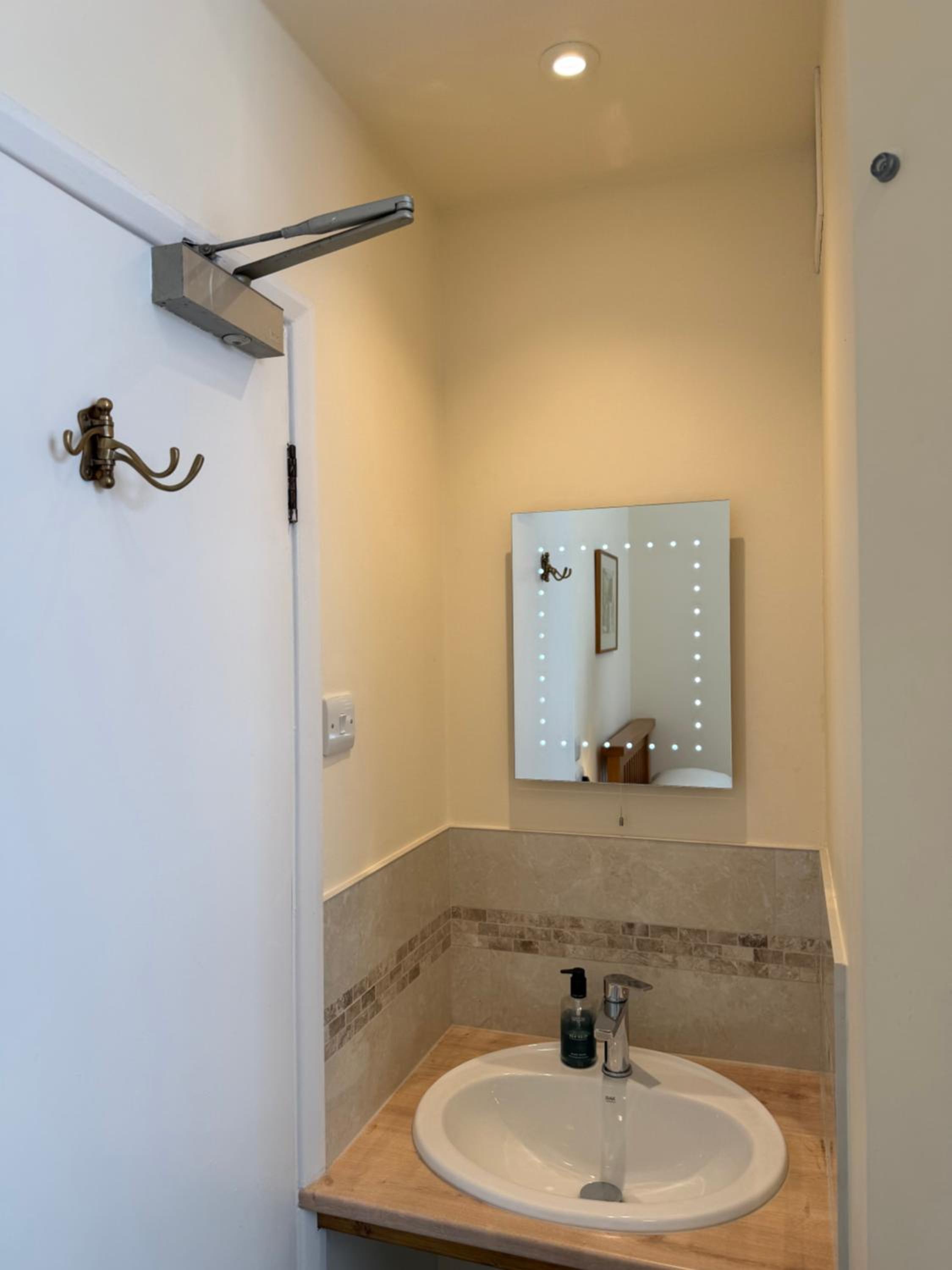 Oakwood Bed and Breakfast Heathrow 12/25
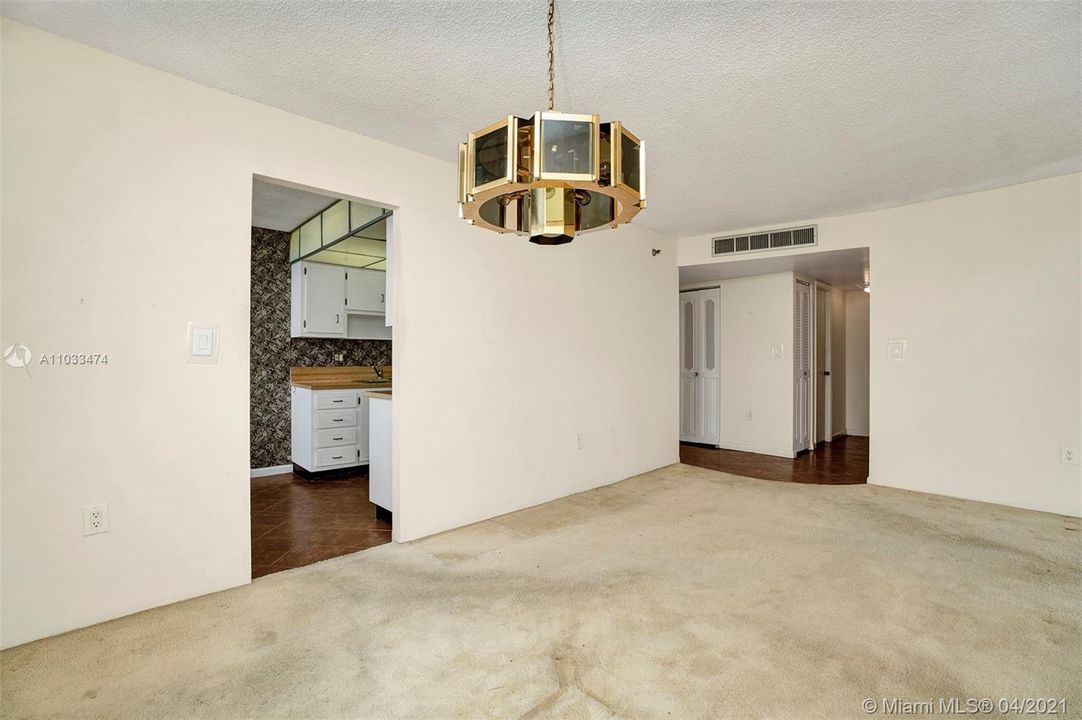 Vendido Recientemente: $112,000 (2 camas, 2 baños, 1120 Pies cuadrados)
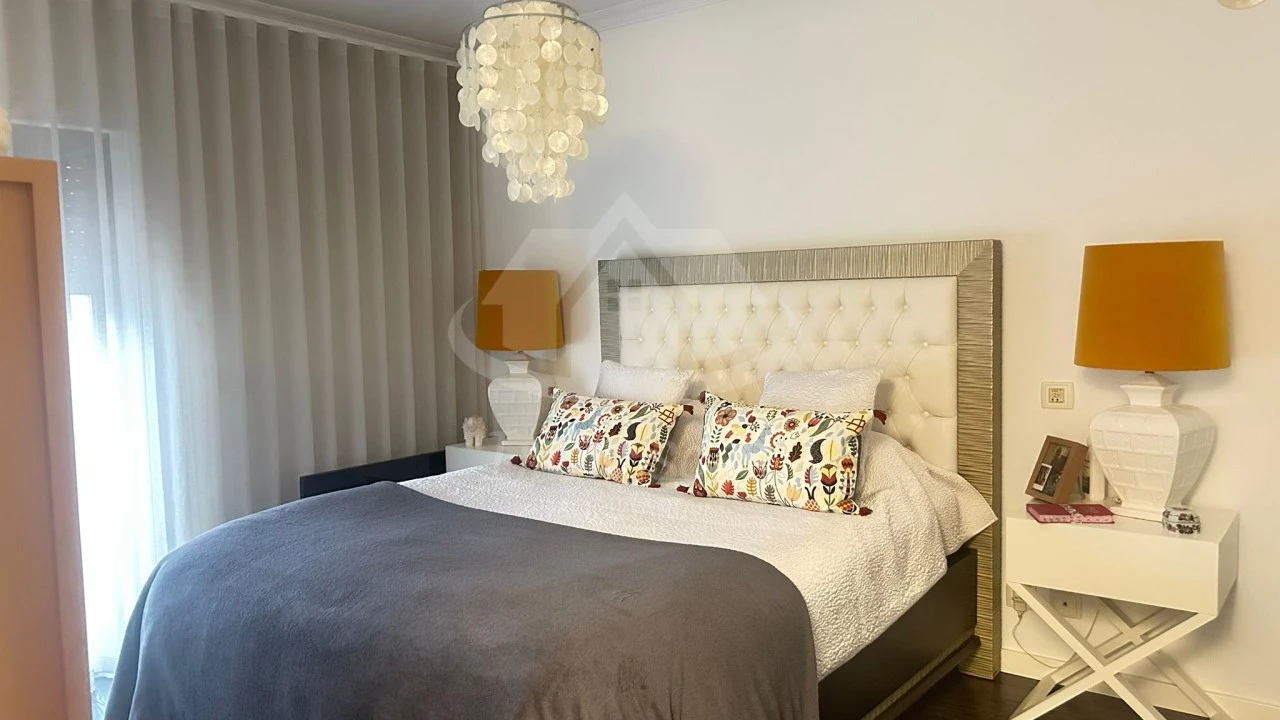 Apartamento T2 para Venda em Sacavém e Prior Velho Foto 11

-----

= Task statement =
The whole listing above must be returned exactly as written, with no pictures carried over.

= Response area =
 Oakwood Bed and Breakfast Heathrow 12/25
 Vendido Recientemente: $112,000 (2 camas, 2 baños, 1120 Pies cuadrados)
 Apartamento T2 para Venda em Sacavém e Prior Velho Foto 11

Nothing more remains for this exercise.